Haiti in Crisis, No Hope for Survivors
Thursday, July 8, 2021
Vol. 10, No. 159
Haiti Crisis: Haitian authorities hunted down the people they say were responsible for the assassination of President Jovenel Moïse, getting into a shootout in which four suspects were killed and two were arrested.
The suspects were not identified.
Prime Minister Claude Joseph announced the country is under a “state of siege” and promised to hunt down the “mercenaries” responsible for the assassination.
The motive for Moïse’s killing has not been revealed. Haiti’s ambassador to the United States, Bocchit Edmond, said the killing was carried out “by well-trained professionals, killers, commandos.” A Haitian judge, told the Nouvelliste newspaper that the attackers had posed as agents of the US Drug Enforcement Administration
Hope Fades: Search teams in the rubble of the collapsed Florida condominium have ended hopes of rescuing anyone alive and are looking only for bodies.

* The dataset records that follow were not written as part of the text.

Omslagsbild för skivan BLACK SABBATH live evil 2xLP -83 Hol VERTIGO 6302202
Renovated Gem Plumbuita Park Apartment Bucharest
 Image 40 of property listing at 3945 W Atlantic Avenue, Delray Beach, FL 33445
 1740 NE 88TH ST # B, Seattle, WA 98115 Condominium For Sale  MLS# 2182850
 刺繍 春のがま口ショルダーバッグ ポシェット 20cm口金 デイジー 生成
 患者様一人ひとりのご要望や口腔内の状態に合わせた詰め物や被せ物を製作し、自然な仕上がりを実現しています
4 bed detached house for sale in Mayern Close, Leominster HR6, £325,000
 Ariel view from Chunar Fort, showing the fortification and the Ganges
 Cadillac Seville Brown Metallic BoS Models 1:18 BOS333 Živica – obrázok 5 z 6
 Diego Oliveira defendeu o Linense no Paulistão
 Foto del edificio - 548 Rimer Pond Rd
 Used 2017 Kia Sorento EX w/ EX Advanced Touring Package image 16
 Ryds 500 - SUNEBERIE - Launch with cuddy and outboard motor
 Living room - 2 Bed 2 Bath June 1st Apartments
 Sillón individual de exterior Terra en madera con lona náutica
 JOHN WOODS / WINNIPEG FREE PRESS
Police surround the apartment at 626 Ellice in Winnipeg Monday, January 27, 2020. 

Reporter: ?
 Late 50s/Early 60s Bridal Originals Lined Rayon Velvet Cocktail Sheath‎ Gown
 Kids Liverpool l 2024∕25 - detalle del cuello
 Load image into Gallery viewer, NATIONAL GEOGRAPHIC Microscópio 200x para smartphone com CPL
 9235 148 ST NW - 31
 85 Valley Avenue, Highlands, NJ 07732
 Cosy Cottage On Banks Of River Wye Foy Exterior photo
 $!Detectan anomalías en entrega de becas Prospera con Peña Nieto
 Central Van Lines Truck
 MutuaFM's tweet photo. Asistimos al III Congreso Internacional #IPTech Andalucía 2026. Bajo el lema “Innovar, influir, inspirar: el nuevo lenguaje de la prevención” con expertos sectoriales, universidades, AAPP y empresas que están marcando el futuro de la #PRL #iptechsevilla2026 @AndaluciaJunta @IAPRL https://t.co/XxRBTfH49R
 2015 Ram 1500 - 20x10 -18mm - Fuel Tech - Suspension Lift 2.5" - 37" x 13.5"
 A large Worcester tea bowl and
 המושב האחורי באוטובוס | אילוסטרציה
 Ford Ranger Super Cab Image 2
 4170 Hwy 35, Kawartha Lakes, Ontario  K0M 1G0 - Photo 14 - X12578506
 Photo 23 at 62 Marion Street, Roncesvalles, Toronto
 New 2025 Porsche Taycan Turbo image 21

Two weeks after the collapse, “Just based on the facts, there’s zero chance of survival,” Assistant Chief Ray Jadallah of Miami-Dade Fire Rescue told families of the missing in a private briefing. The diggers say the wreckage is so dense and compacted that no one could survive.
Rescue teams from all over Florida, as well as Texas, Israel and Mexico have worked over the pile. They have found 54 bodes while 86 people remain unaccounted for.
It may will likely be time before the cause of the collapse is determined. Florida has some of the strictest regulations for high-rise buildings, but they are not always followed.
Trumped Up: Donald Trump announced that he’s suing the big social media companies Facebook, Google, and Twitter, claiming that they wrongly censor him.
Trump said at a press conference that, “We’re demanding an end to the shadow banning, a stop to the silencing, and a stop to the blacklisting, banishing and canceling that you know so well.”
The companies have banned or censored Trump because he lies and makes things up — for instance, that the election was stolen from him.
Describing it as “a pivotal battle in the defense of the first amendment,” Trump said, “Social media has given extraordinary power to a group of big tech giants that are working with government, the mainstream media and a large segment of a political party to silence and suppress the views of the American people and they’ve been very, very successful at that.”
By “American people,” Trump really means himself.
Legal analysts give the lawsuit little chance of success. The law allows the tech companies to moderate speech on their platforms. Paul Barret, the deputy director of the New York University Stern Center for Business and Human Rights, told The Washington Post, “”In fact, Facebook and Twitter themselves have a First Amendment free speech right to determine what speech their platforms project and amplify — and that right includes excluding speakers who incite violence, as Trump did in connection with the January 6 Capitol insurrection.”
The Boys of Summer: It’s safe to say no one played pond hockey in North America last night, but the National Hockey League wrapped up the final game of the Stanley Cup championship with the Tampa Bay Lightning beating the Montreal Canadiens four games to one. One hundred years ago the series ended in mid-March in Canada, but this year’s final game was July 7th in Tampa Bay, Florida, where the only ice is in cocktails.
The Spin Rack: In the past 24 hours the world surpassed four million deaths caused by the coronavirus; 4,002,924. — A Washington DC appeals court suspended the law license of Rudy Giuliani, former mayor of New York and lawyer for Donald Trump. The DC court acted in concert with New York’s suspension and determination that Giuliani “communicated demonstrably false and misleading statement to courts, lawmakers, and the public at large in his capacity as lawyer” for Trump’s effort to overturn the 2020 election. — Jessica Springsteen, daughter of rocker Bruce, has made the US Olympic equestrian jumping team. She was born to ride.
The Obit Page: Robert Downey Sr., an actor and filmmaker and the father of actor Robert Downey Jr., has died of Parkinson’s disease at age 85.
He appeared in the films “Boogie Nights,” “Magnolia,” and “To Live and Die in LA.” Downey put his mark on the movies writing and making the 1969 classic “Putney Swope” about an irreverent all-black advertising agency called “Truth and Soul, Inc.” As one of the characters said, “No shit!”
The Rich Are Different: Billionaires Elon Musk, Jeff Bezos, and Richard Branson are in a race to see which of them will be first to take a recreational trip to space, proving that none of them pays enough taxes.